Efficient String Lookup?

Sun Oct 17 06:11:11 EDT 2004

Chris S. wrote:
> Spoke too soon.

As did I.  :)

> However, I noticed rex still doesn't return multiple matches. For 
> instance, matching 'abc' to the given the patterns '#bc', 'a#c', and 
> 'ab#', your code only returns a match to the first pattern '#bc'. Is 
> this standard behavior or is it possible to change this?

This is standard behavior.  You can't change it.  The
only easy solution along these lines is to have a triangular
table of

   (pat1)|(pat2)| .... |(patN)
   (pat2)| .... |(patN)
   ...
   (patN)

and if group i matched at a point x then do another
search using the (i+1)th entry in that table at that
point.  Repeat until no more matches at x.

I don't know of any off-the-shelf solution for Python
for what you want to do, other than the usual "try
each pattern individually."  You'll need to make some
sort of state table (or trie in your case) and do it
that way.

You *can* use Perl's regexps for this sort of thing.  That
regexp language allowed embedded Perl code, so this will
get you an answer

% perl -ne 'while (/((.bc)(?{print "Match 1 at ", length($`), 
"\n"})^)|((a.c)(?{print "Match 2 at ", length($`), "\n"})^)|./g){}'
This is abc acbcb
Match 1 at 8
Match 2 at 8
Match 1 at 13

Breaking the pattern down I'm using "while (/ ... /g) {}" to
match everything in the input string ($_), which comes from
each line of stdin (because of the '-n' command-line flag).

The pattern is

  ((.bc)(?{print "Match 1 at ", length($`), "\n"})^)
|((a.c)(?{print "Match 2 at ", length($`), "\n"})^)
|.

That is, match ".bc" then execute the corresponding piece
of embedded Perl code.  This prints "Match 1 at " followed
by the length of the text before the current match, which
corresponds to the position of the match.

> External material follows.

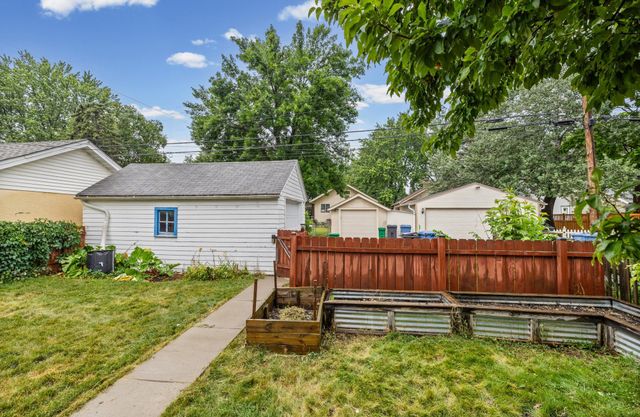 3528 40th Avenue S, Minneapolis, MN 55406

(If you only need that there is a match, you don't need
then.  Using $` in perl gives a performance hit.)

After it executes, the subgroup matches (embedded executable
code always passes, and it consumes no characters).  But
then it gets to the '^' test which fails because this is
never at the beginning of the string.

So the regexp engine tries the next option, which is the
"Match 2 at .." test and print.  After the print (if
indeed there is a match 2) it also fails.

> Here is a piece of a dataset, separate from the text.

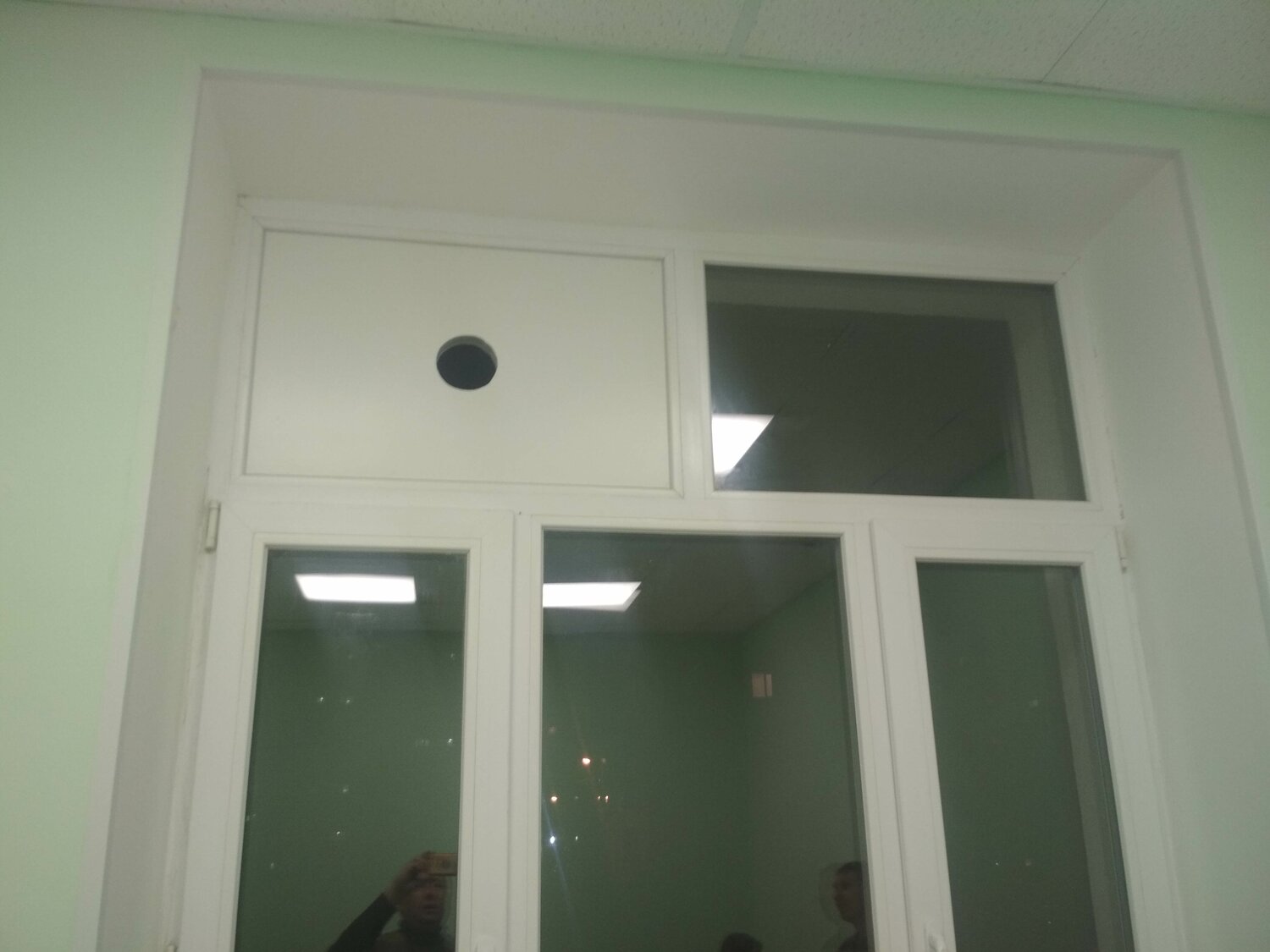 окна, пластиковое окно, белые откосы на окнах, фрамуга, откосы на окнах kbe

This takes the engine to the last option which is the "."
character.  And that always passes.

Hence this pattern always consumes one and only one character.
I could put it inside a (...)* to match all characters,
but decided instead to use the while(/.../g){} to do the looping.
Why?  Old practices and not well-determined reason.

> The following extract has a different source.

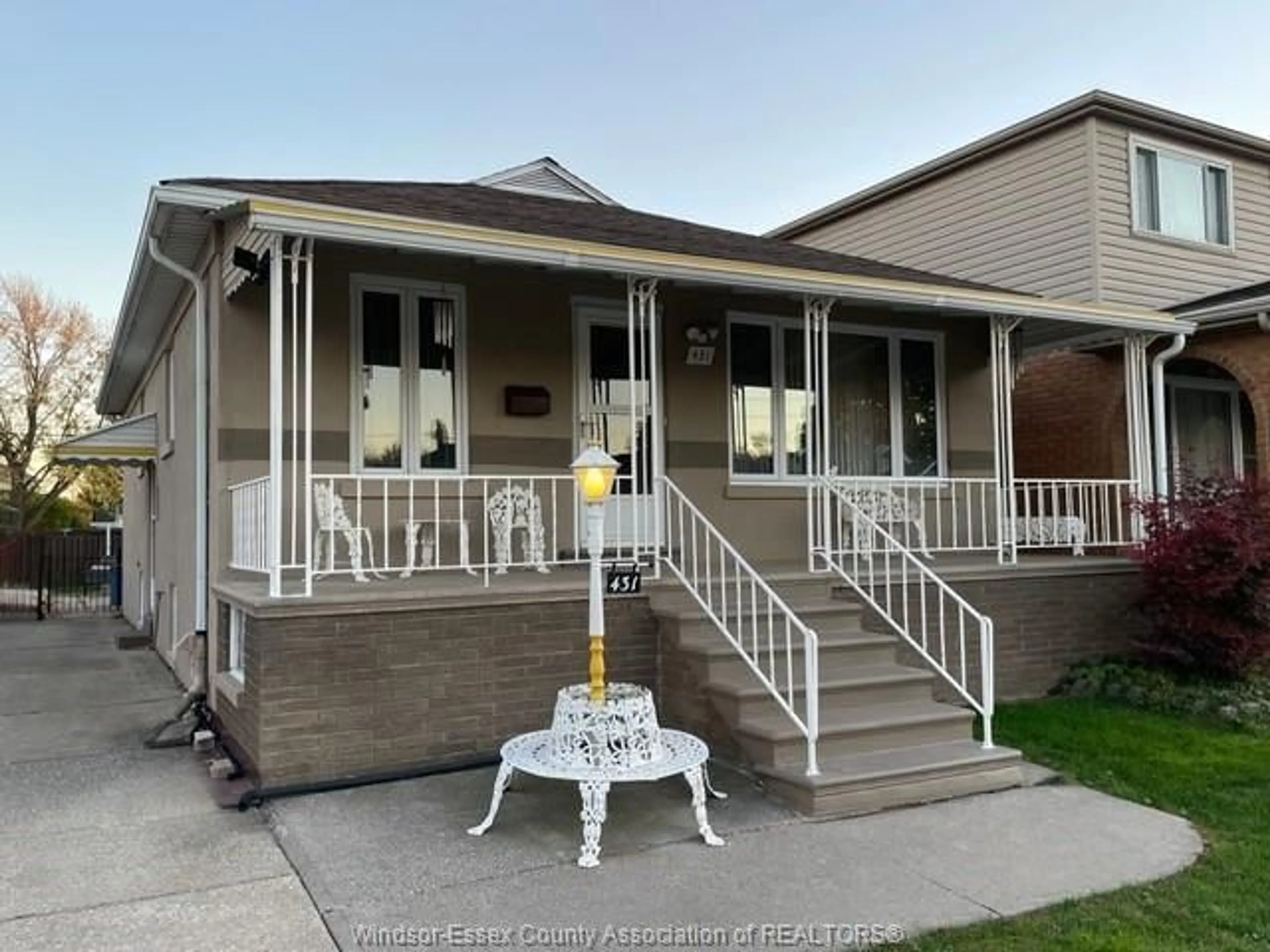 Home with vinyl exterior material, street for 431 FOCH Ave, Windsor Ontario N8X 2W2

(The while loop works because of the 'g' flag on the pattern.)

You talk about needing to eek all the performance you can
out of the system.  Have you tried the brute force approach
of just doing N regexp tests?

If you need the performance, it's rather easy to convert
a simple trie into C code, save the result on the fly
to a file, compile that into a Python shared library, and
import that library, to get a function that does the
tests given a string.  Remember to give a new name to
each shared library as otherwise the importing gets confused.

				Andrew
				dalke at dalkescientific.com